INTRODUCTION

Although the comprehensive bailout package of October 2008 saved, at least temporarily, the British banking system from collapse, it failed to stimulate bank lending, as intended.1, 2 As a result, a desperate attempt was made by the Government in January 2009 to try to unblock lending channels, as evidence emerged pointing to a serious contraction in the real economy and the withdrawal of foreign banks – Icelandic, Irish, EU and North American – and others (for example, GE Capital) from UK loan markets.
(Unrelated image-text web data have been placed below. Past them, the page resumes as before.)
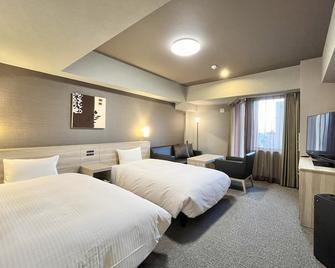 Hotel Route-Inn Nagaoka Ekimae - Nagaoka - Camera da letto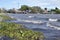 Strong stormy Winds and high tides cause lake water to rise driving water. Hyacinths and debris reaching shanty houses along the s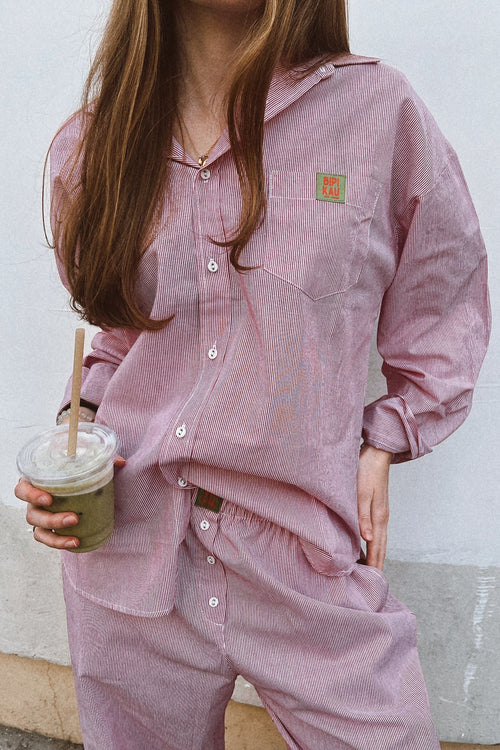 Soleil Set de Bipikau: conjunto de camisa oversize y pantalón fluido de rayas rosas, con un café en la mano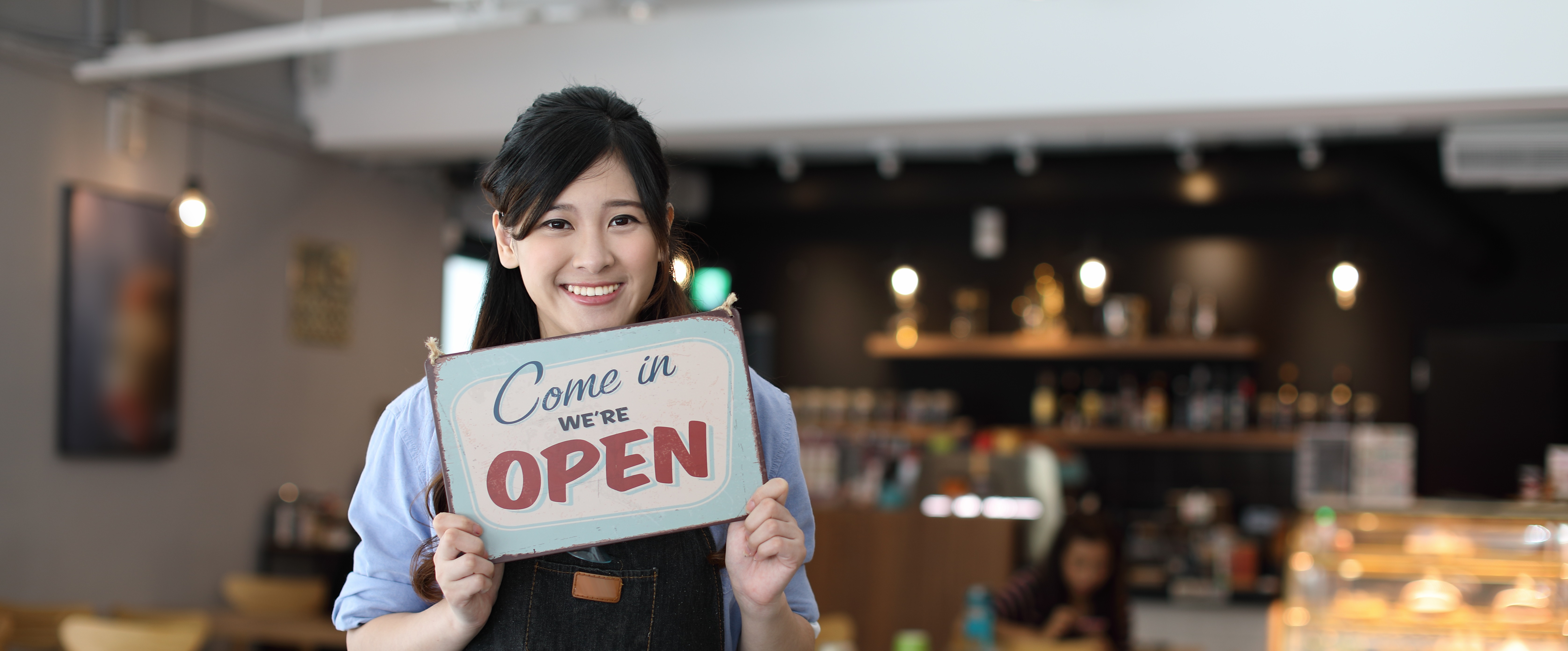 woman holding a sign saying 'we're open'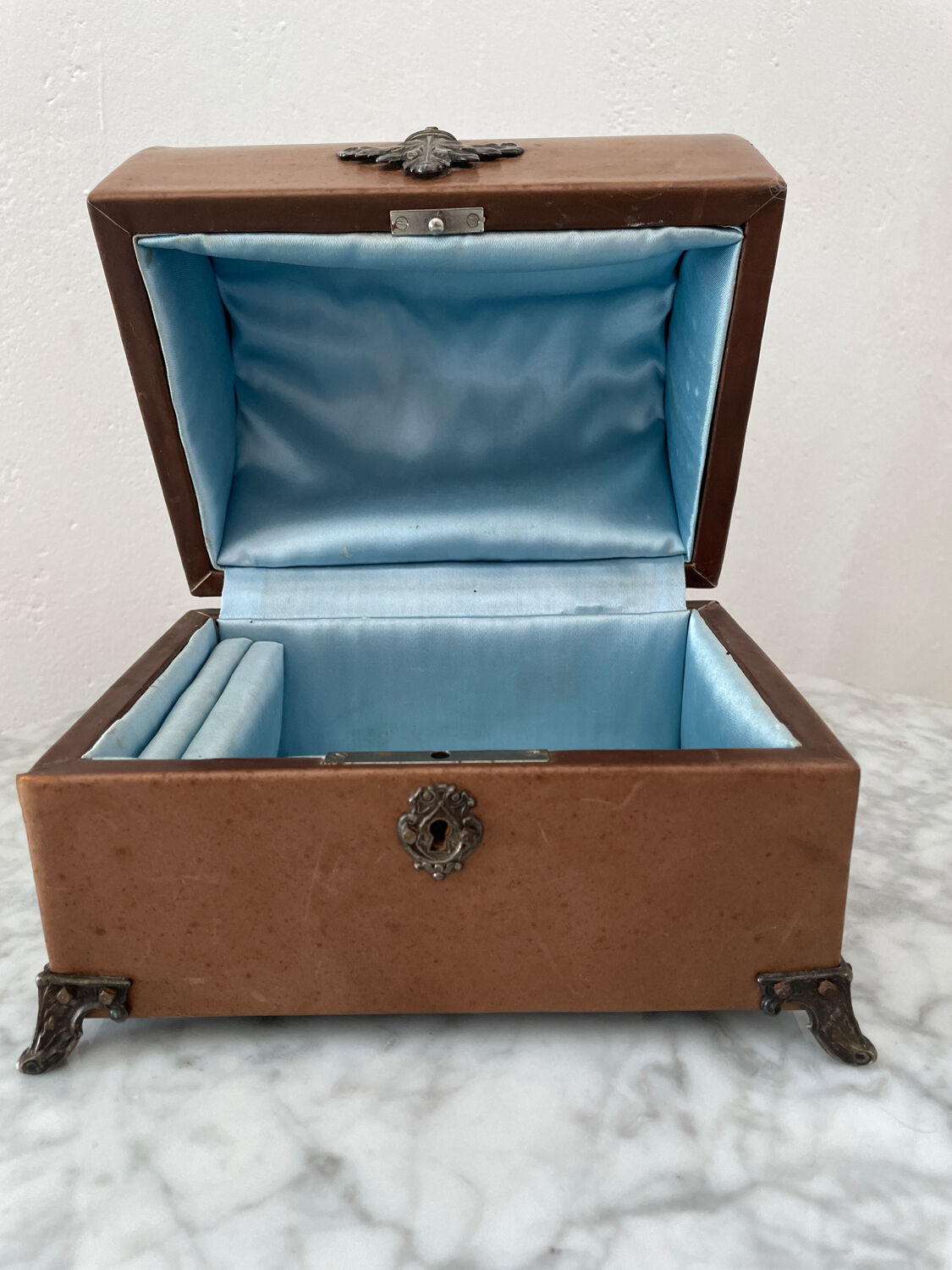 Vintage leather and silver metal jewelry box.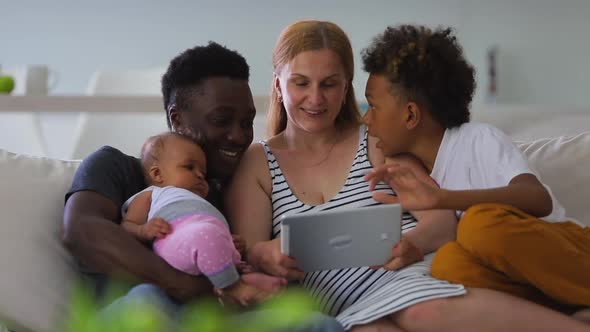 Happy African Interracial Family Parents and Little Children Enjoy Using Tablet Together Sit on Sofa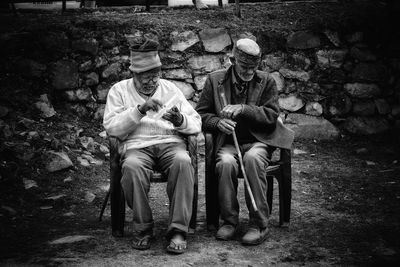 People sitting on bench against trees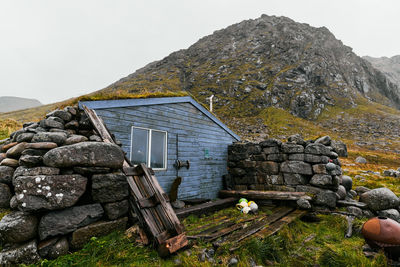 Blue wooden fishing cabin stokkvika at the beach in moskenesoya lofoten islands in norway.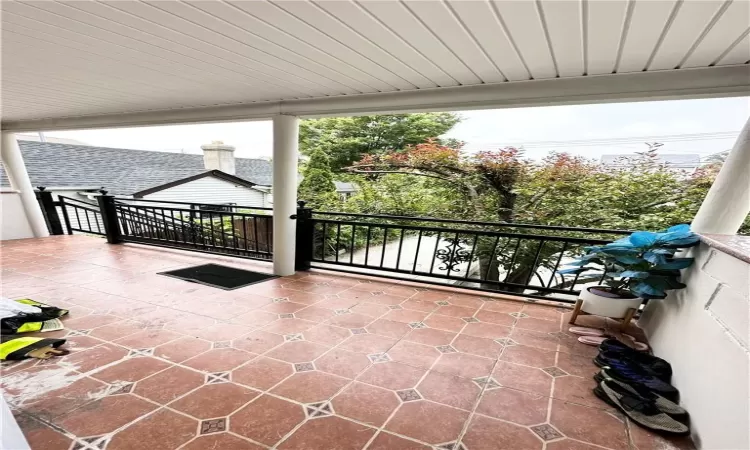 View of patio featuring a balcony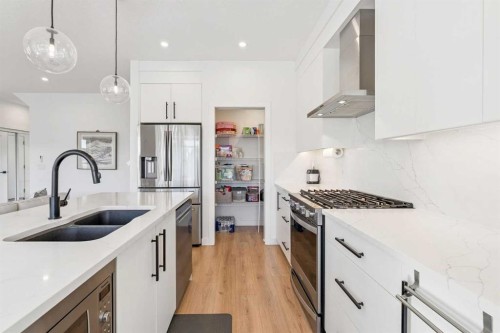 255-7820 Spring Willow Drive Sw, Calgary, AB - Indoor Photo Showing Kitchen With Stainless Steel Kitchen With Double Sink With Upgraded Kitchen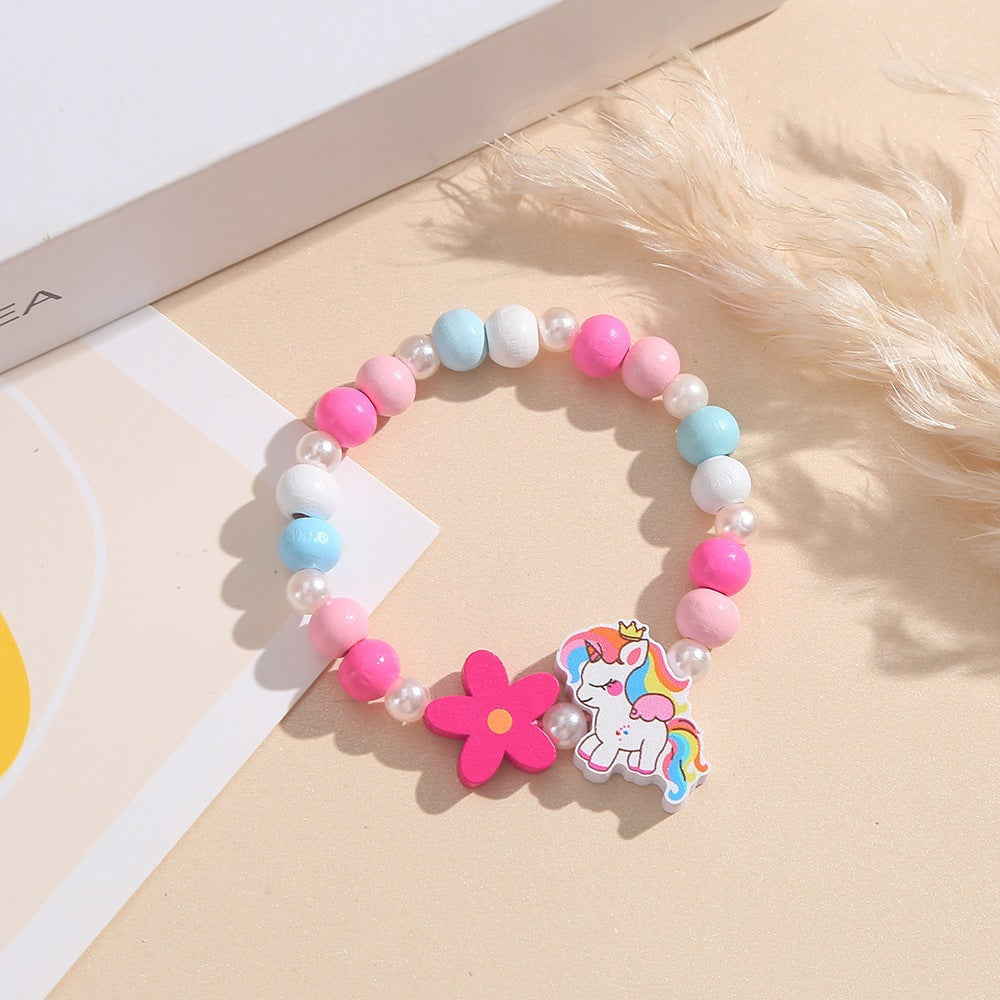 Playful children's bracelet with unicorn and flower motif Bowlift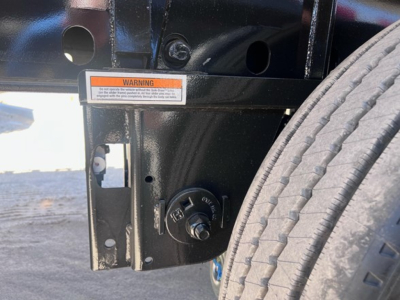 Trailer hitch area showing a Stabilizer/connection pin knob and warning label on a black steel frame beside a tire of a 2025 utility combo flatbed trailer.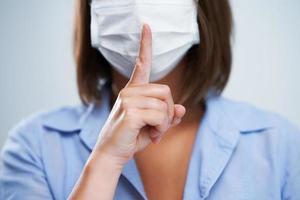 Attractive woman wearing protective mask isolated over white background photo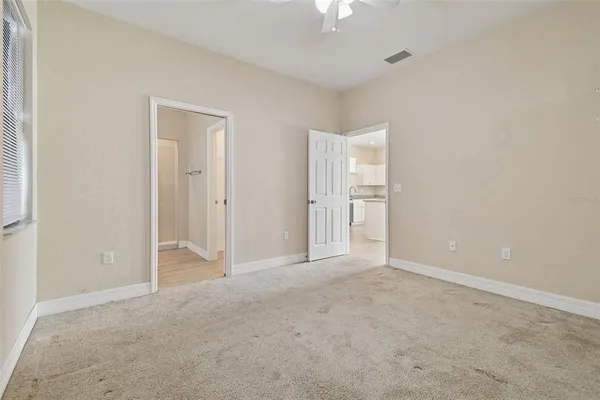 an empty room with closet area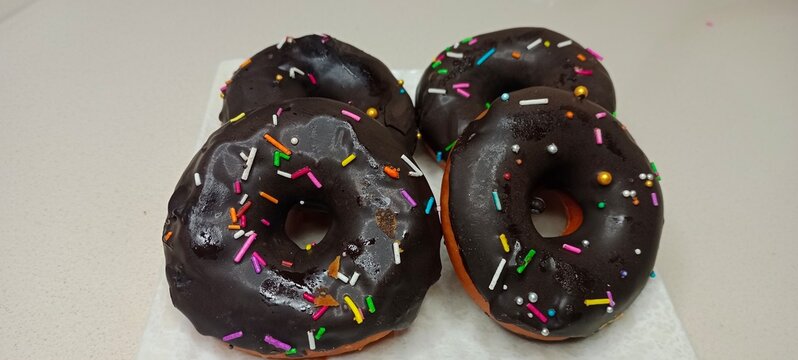 assorted donuts with chocolate frosted, pink glazed and sprinkles donuts. Donuts in hand or tray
The package, revealed on 19 January,3 comprised seven elements, and was supported by the Financial Services Authority's (FSA's) decision to tweak the rules relating to banks’ (that is, those that benefited from the October 2008 bailout) use of internal models to generate regulatory capital charges – by switching from a ‘point-in-time’ to a ‘through-the-cycle’ assessment basis, the probability of loan default can now be averaged over the economic cycle rather than being based on the most recent, and hence more dismal, data – in order to increase the banks’ capacity to lend in the downturn.4, 5 The FSA has also indicated its willingness to treat a (post-stress test) 4 per cent core tierone ratio (equivalent to a 6–7 per cent tier one ratio) as an ‘acceptable minimum’, potentially providing further scope for an expansion in bank lending.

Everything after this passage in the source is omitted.